SameSite Cookies, Chrome 80, Privacy Sandbox – What's What?

Why Google is rushing to bury cookies in the past, and what it will result in for everyone else.

SameSite Cookies, Chrome 80, Privacy Sandbox – What’s What?

Why Google is rushing to bury cookies in the past, and what it will result in for everyone else.

What’s the point of recent Chrome updates?

Since 2016, Chromium has supported the SameSite cookie attribute, which limits access to cookies to same-site requests. The attribute has three values:

  • Strict – exclusively within the website they were initially set on.
  • Lax – within the website and when the user opens a URL by following a link (top-level navigations using a safe HTTP method).
  • None – along with any cross-site requests.

In theory, SameSite helps protect data from unreasonable tracking and cross-site request forgery. But if website developers have not set the attribute, the server automatically assigns SameSite=None, treating cookies as third-party and sending them freely. According to Google, as of March 2019, only 0.1% of cookies are marked as SameSite.

Therefore, in May 2019, Google and Microsoft published the “Incrementally Better Cookies” draft, proposing that all cookies be treated as first-party by default. As an experiment, these settings were introduced for a small number of Chrome users in October 2019. In February 2020, Google officially launched the new settings in Chrome 80 Stable.

Now, cookies can be sent to third-party domains only through HTTPS, and only if their attribute is explicitly changed from the default SameSite=Lax to SameSite=None.

So far, the new settings have been rolled out to a fraction of Chrome 80 Stable users, and their proportion is gradually increasing. With Chrome 81–82 Canary/Dev/Beta, the SameSite behavior will extend to 50% of users and continue to grow.

Microsoft Edge and Mozilla Firefox will roll out similar settings.
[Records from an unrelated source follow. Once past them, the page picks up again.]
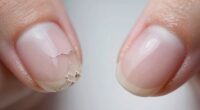 nail strength and texture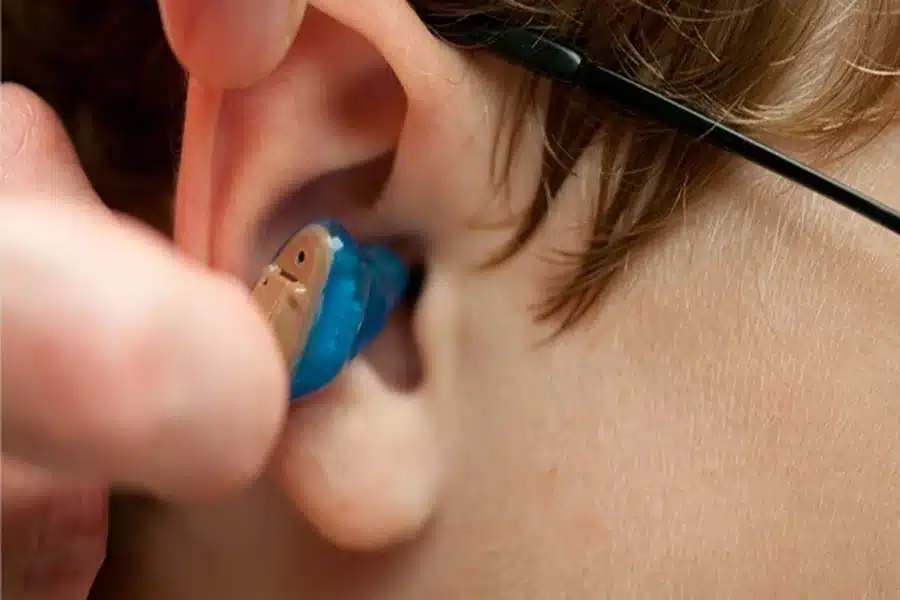Hearing Aids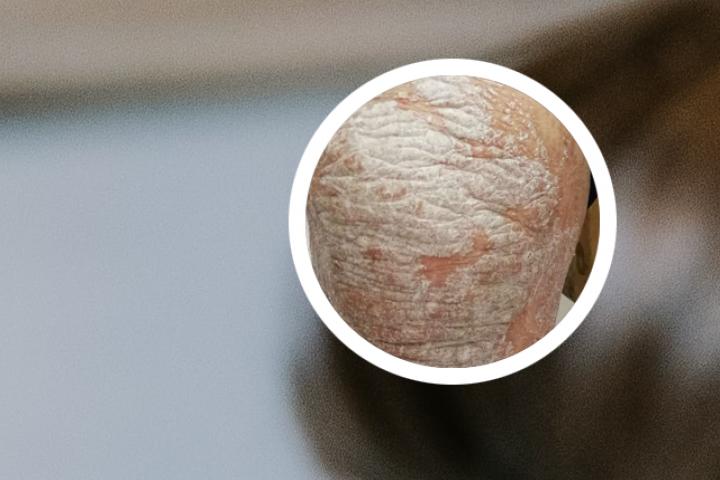 治银屑病的药水叫啥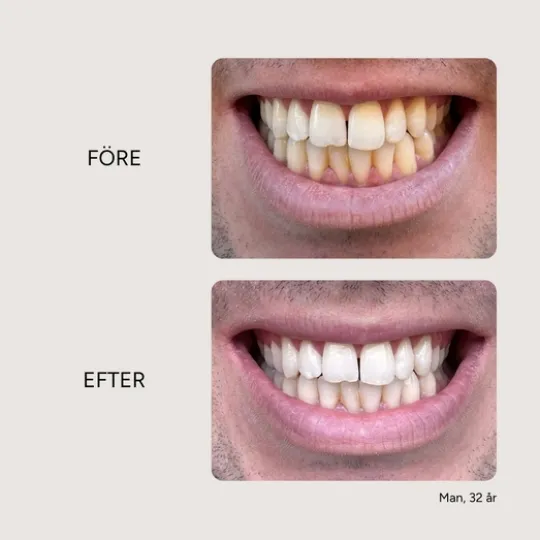 Etinour Essential Whitening & Remineralizing Kit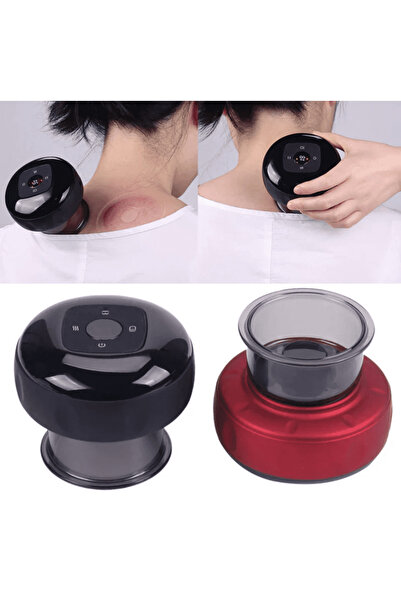 OEMN Massage Device — Cupping Therapy, 12 Pressure Levels with Heating and Display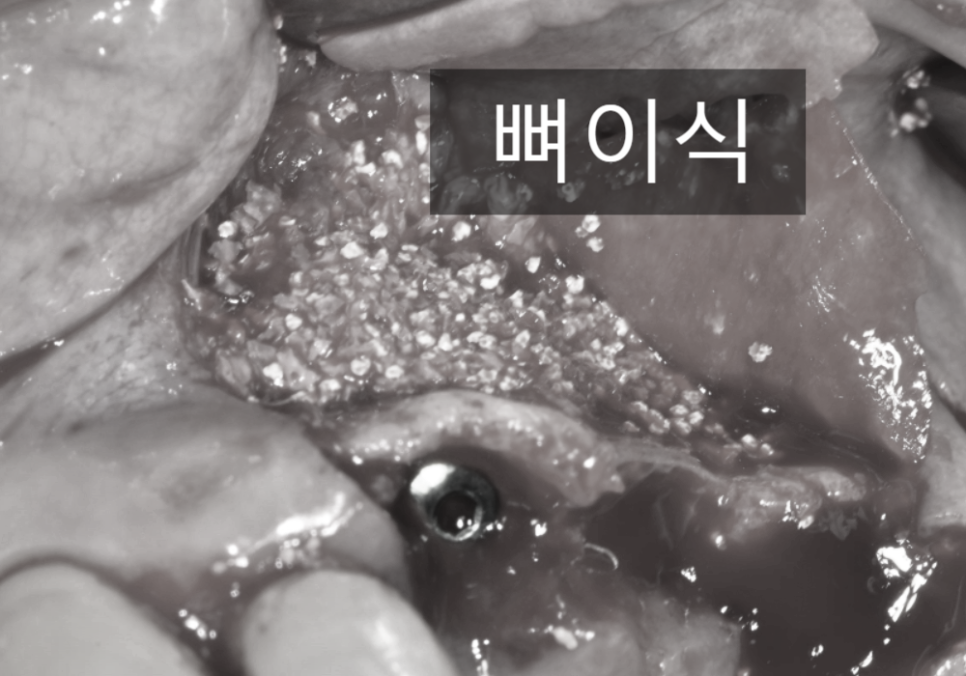 고덕동 임플란트, 튀어나온 앞니, 비용은 줄이고 자연스럽게 개선한 실제 사례 관련 이미지 7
Settings have changed, so what?

If everyone moves to HTTPS and sets appropriate cookie attributes, nothing will change for websites, users, or advertisers. The internet will work as before—just a bit safer.

The fun part begins with the next step. In Google’s view, good cookies are dead cookies. Google expects to get rid of third-party cookies within two years and suggests HTTP State Tokens and a set of APIs instead. This initiative is called Privacy Sandbox.


The internet relies on cookies

Authentication; browser history; media element views (players, banners, share buttons); metrics, measurement, and tracking; webpage adjustment to device, browser, and user settings—all rely on cookies to store and transfer relevant data.

However, the versatility of cookies becomes a disadvantage, as it enables uncontrolled user tracking.

Google proposes using HTTP State Tokens instead. The browser sends an encrypted token to the website server via an HTTP header—only one token per origin and only through a secure channel.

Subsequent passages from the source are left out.